村上:かくして対サハラ戦では巨大化してぶちのめそうとするんだけれど、それが裏目に出た。巨大化したせいであっさり攻撃を避けられたり、逆に的が大きくなったということでいいように攻撃されたりしてしまう。
清水:ふむふむ。
村上:で、サハラは言った「もうちょっと小ぶりな方が動きやすいんじゃないかなぁ?状況によって能力の出力を見極めるの、大事!」。しかし朱々は――「小ぶりの方がいい?そんな抑制はつまんないよ!私は何事も、楽しく派手にバーンといくんだい!玉体革命(パラダイムシフト)!!」「もっと体を大きく……限界を超えて!!」というわけでさらに巨大化。
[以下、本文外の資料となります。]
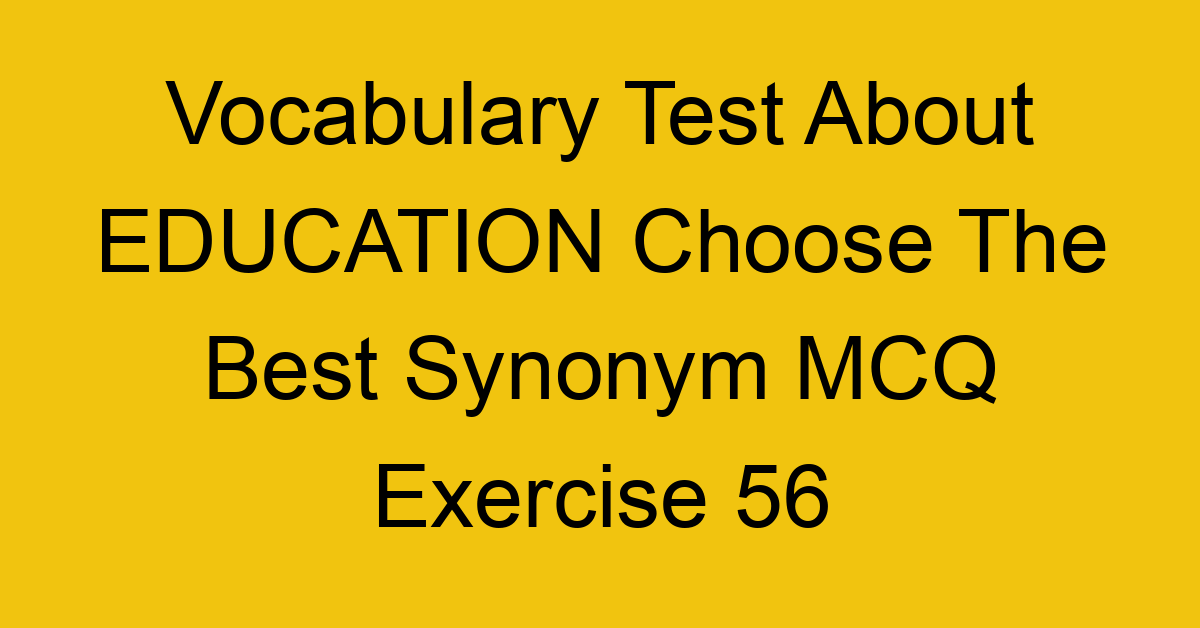 vocabulary test about education choose the best synonym mcq exercise 56 28770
そして、前方に倒れ込んでサハラを押し潰す。サハラは、朱々が大きすぎて避けられず潰される――という展開をたどるわけだけれど。
清水:うん。
村上:「巨大化したせいでピンチになる → では小さくなろう」ではなくて、「より一層巨大化してやらぁ!」というこれね!
清水:(笑)。
村上:このバカさ加減、ど根性っぷりが最高だと思うんだ。
清水:なるほど。
村上:八千穂さんにしろ朱々にしろ、自らの能力に矜持を持つキャラって格好いいよなぁ!
😈人類はすでに滅びかけている?
清水:そういえば話は変わるけれど――いまのところ、魔都の寮やその周辺しか描かれていないよね。
村上:そうね。
清水:それ以外の場所はどうなっているんだろうね?
村上:あー、確かに。
清水:魔都には何があるのか、どれくらいの広さがあるのか。それから、魔都ではなくて、人間が暮らすこちら側の世界がどうなっているのか。
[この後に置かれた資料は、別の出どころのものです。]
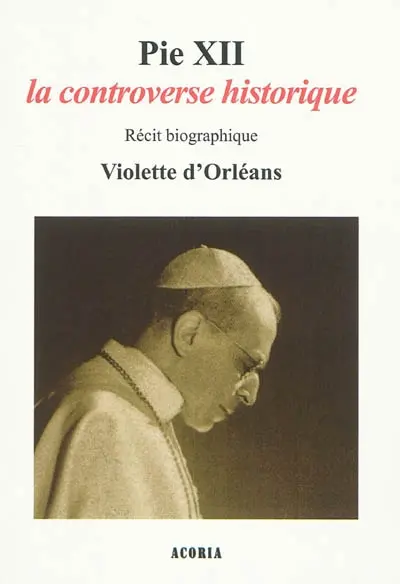 Pie XII, la controverse historique : récit biographique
村上:人間界といえば、第1話序盤に優希くんが通っていた高校が映ったのと、あとは京香さんが墓参りなどで訪れた山形県、寧ちゃんの通学シーンに登場した高知県、その辺りがちょっと描かれただけか。
清水:そうそう。
村上:んー……じつは人類はすでに滅びかけていたりしてね(笑)。
清水:えー(笑)。
村上:ほら、本作の原作者はタカヒロさん。「結城友奈は勇者である」の原案者だ。そして「結城友奈は勇者である」では四国以外はすべて滅んでいた。というわけで本作も……。
清水:なるほど。醜鬼のせいで人類はすでに滅亡の危機にある、と(笑)。
村上:そう(笑)。
清水:もしそうだとすると、魔防隊の人数があんなに少ないのも納得できるね。本当なら少なくとも千人単位の部隊を送り込むべきだと思うけれど、それができない。なぜならすでに人類は絶滅しかけているから。ゆえに少数精鋭で対処するしかない、と(笑)。